Coach: Anna Shepherd
World Ranking: 11
Best Result: 6th
Predicted: 10th

Barbados is another underdog nation that has landed a kinder group than that of its Americas counterpart. Whilst the Bajan Gems feature a host of relatively unknown players on the world stage, they have proven themselves to be competitive against stronger nations. They finished as high as sixth back in 1987, and have a strong netball competition in the nation. Payne is a particular player to watch having been a member of the Bajan Gems since she was a teenager and will now be at her fourth World Cup. Expect her to be a key in the goal circle, using her experience and crafty movement to set up plays for the ultimate utility in Blackman. The goal shooter can play just about any position on the court, having floated through the centre and in the defensive goal circle throughout her long and illustrious career. Now 36, she is a steadying force and was able to compete against the strength of Australia, Jamaica and South Africa last year at the 2018 Commonwealth Games. A third player to watch out for is experienced midcourter Damisha Croney who could well be the key to Barbados’ chances, likely to play through the centre for her nation. Having played throughout her childhood, she is still only 27 and along with captain Rhe-Ann Niles-Mapp will provide vast international experience across the court. Niles-Mapp is the key player up the defensive end, with the goal defence having to work hard to potentially double-team Malawi’s Joyce Mvula, while also opposed to star goaler, Maria Folau when the side faces the Silver Ferns.
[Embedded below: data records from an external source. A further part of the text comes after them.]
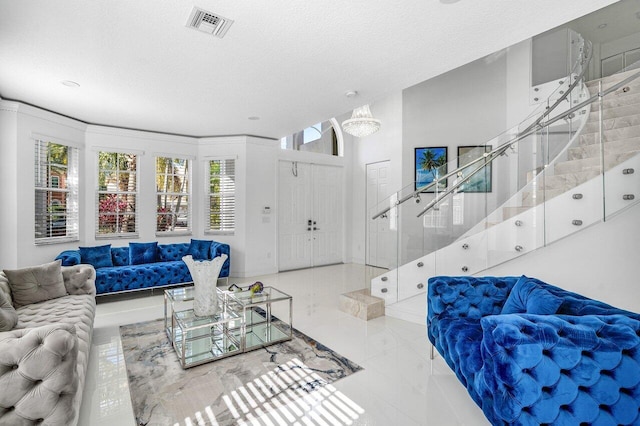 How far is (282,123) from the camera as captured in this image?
5.27 m

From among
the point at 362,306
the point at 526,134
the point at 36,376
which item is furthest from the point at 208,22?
the point at 526,134

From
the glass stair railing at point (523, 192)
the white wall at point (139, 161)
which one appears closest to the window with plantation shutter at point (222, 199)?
the white wall at point (139, 161)

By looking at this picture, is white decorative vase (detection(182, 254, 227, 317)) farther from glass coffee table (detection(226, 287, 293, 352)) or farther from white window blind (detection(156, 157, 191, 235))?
white window blind (detection(156, 157, 191, 235))

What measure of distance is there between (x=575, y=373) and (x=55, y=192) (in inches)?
249

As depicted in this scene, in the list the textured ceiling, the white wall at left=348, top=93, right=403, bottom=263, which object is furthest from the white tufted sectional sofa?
the white wall at left=348, top=93, right=403, bottom=263

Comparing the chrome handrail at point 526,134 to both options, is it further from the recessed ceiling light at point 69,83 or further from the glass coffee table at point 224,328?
the recessed ceiling light at point 69,83

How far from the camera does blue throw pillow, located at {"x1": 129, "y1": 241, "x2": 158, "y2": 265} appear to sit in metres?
5.07

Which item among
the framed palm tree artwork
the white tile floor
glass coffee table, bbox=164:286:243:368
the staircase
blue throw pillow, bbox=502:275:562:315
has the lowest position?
the white tile floor

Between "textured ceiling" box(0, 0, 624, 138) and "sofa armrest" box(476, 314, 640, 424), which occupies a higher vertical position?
"textured ceiling" box(0, 0, 624, 138)

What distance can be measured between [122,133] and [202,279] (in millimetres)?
3964

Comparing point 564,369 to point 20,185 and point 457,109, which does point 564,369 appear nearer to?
point 457,109

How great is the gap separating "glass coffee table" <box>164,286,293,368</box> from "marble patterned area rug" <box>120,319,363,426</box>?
91 mm

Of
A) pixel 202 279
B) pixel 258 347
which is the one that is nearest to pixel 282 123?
pixel 202 279

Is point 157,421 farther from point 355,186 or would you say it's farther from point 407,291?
point 355,186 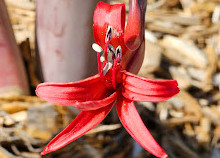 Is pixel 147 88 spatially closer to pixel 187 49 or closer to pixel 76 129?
pixel 76 129

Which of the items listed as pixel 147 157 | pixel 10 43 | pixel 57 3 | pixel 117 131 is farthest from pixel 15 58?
pixel 147 157

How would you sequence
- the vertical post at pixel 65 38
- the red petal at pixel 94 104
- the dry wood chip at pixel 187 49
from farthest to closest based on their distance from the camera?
the dry wood chip at pixel 187 49 < the vertical post at pixel 65 38 < the red petal at pixel 94 104

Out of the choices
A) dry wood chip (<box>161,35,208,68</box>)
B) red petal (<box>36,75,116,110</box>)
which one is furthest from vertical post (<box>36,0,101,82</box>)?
dry wood chip (<box>161,35,208,68</box>)

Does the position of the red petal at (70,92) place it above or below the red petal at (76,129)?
above

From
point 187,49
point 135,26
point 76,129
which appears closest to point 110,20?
point 135,26

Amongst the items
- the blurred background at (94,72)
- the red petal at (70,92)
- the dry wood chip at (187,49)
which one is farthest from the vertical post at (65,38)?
the dry wood chip at (187,49)

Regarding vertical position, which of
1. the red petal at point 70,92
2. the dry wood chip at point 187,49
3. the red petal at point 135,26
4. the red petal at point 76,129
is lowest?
the dry wood chip at point 187,49

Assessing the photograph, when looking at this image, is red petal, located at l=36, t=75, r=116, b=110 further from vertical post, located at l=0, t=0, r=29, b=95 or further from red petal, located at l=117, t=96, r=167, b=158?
vertical post, located at l=0, t=0, r=29, b=95

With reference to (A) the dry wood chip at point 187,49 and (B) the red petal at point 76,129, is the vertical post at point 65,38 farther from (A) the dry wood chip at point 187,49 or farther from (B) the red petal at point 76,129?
(A) the dry wood chip at point 187,49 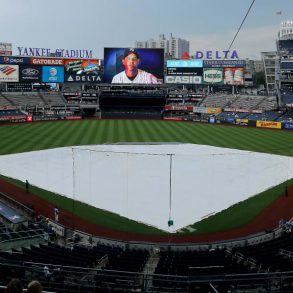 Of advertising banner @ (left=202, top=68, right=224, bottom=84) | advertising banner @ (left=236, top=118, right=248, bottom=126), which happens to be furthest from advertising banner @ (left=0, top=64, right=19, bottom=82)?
advertising banner @ (left=236, top=118, right=248, bottom=126)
There is no doubt she and the rest of her teammates will be up against it at the World Cup, but landing on the favourable side of the draw – potentially wins against Singapore and Sri Lanka – should see them finish in the top 10, and given the injury of Mwai Kumwenda for Malawi and the unpredictability of Northern Ireland, the Bajan Gems are a dark horse to reach a single-digit finishing position once again.